Firstly, his son William Murdoch, a captain, died at sea on April 4th, 1906. Then the following year his other son John Murdoch, a first officer, died at sea on April 10th, 1907. His grandson John Murdoch, a captain died at sea (with his wife) in April 1901. Finally, William M. Murdoch, Titanic's first officer, died at sea on April 15th, 1912.
Father Captain Samuel Murdoch
William's father, Captain Samuel Murdoch was born on April 4, 1843 at Kippford (near Dalbeattie). He was reportedly a personal friend of Joseph Conrad, a Polish novelist who after settling in England became regarded as one of the great English novelists. (1.)
According to Samuel Murdoch Crosbie who wrote The Story of The Scaur; And the Water of Urr Shipping in 1923, Samuel Murdoch was the oldest of Captain James Murdoch's three sons, "all of whom became commanders of ocean going ships after being trained in vessels belonging to the Water of Urr engaged in the coasting trade."
"[Samuel] served his apprenticeship with his father in the Freedom, but afterwards became commander of large ships like the well-known clipper Knight Companion, trading chiefly between Liverpool and San Francisco, in both of which ports his memory is still revered. He was perhaps one of the best known, most successful, and most highly respected master mariners hailing from the Water of Urr. After retiring from the sea, he lived in Dalbeattie, but frequently visited his native village the Scaur. The loss of his son William in the Titanic was a great blow to him – one from which he never recovered. He passed away not long afterwards and was buried in Dalbeattie Cemetery." (source)
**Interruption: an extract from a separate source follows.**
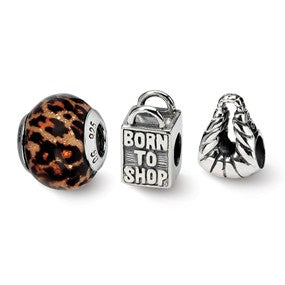 Sterling Silver Love to Shop Boxed Bead Set Charm hide-image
In 1864, Samuel Murdoch married Jane "Jeannie" Muirhead McMaster (1839-1914) at St Michael's Church in Liverpool, on the 14th of December. They had seven children Mary (1865-1869), James (1867-1906), Mary Agnes (1870-1916) William (1873-1912), Jeannie/Jane (1877-1921) Samuel (1880-1950) and Margaret (1882-1973).
They initially lived in Oldham Street, Liverpool, the birthplace of their first two children: Mary McMaster (November 2, 1865) and James (October 27, 1867). Sometime later, likely during 1870, the family moved to Dalbeattie, Scotland and first resided at No. 3 Sunnyside , Barr Hill, in a small house where Agnes was born (November 19, 1870) and William (February 28, 1873).
Later, as Samuel's family started to grow, he built a larger cottage located in the High Street, not far from the center of Dalbeattie, named Oakland Cottage where the last three children of the Murdoch family were born: Jane (1877), Samuel Jr. (1880) and Margaret (1882).
The loss of William in the 1912 Titanic disaster was not the first bereavement Samuel Murdoch's family experienced;
they had already lost a daughter, Mary McMaster at the age of 4, and older brother James had died of epilepsy at the age of 39 in 1906. William was an officer aboard the
Oceanic at the time and after the funeral remained several months with his family before returning to the sea. William's mother, Jane "Jeanie" Muirhead passed away in 1914, while Samuel Murdoch himself died five years after the Titanic tragedy in 1917, just a year after his daughter Mary Agnes, who died in 1916.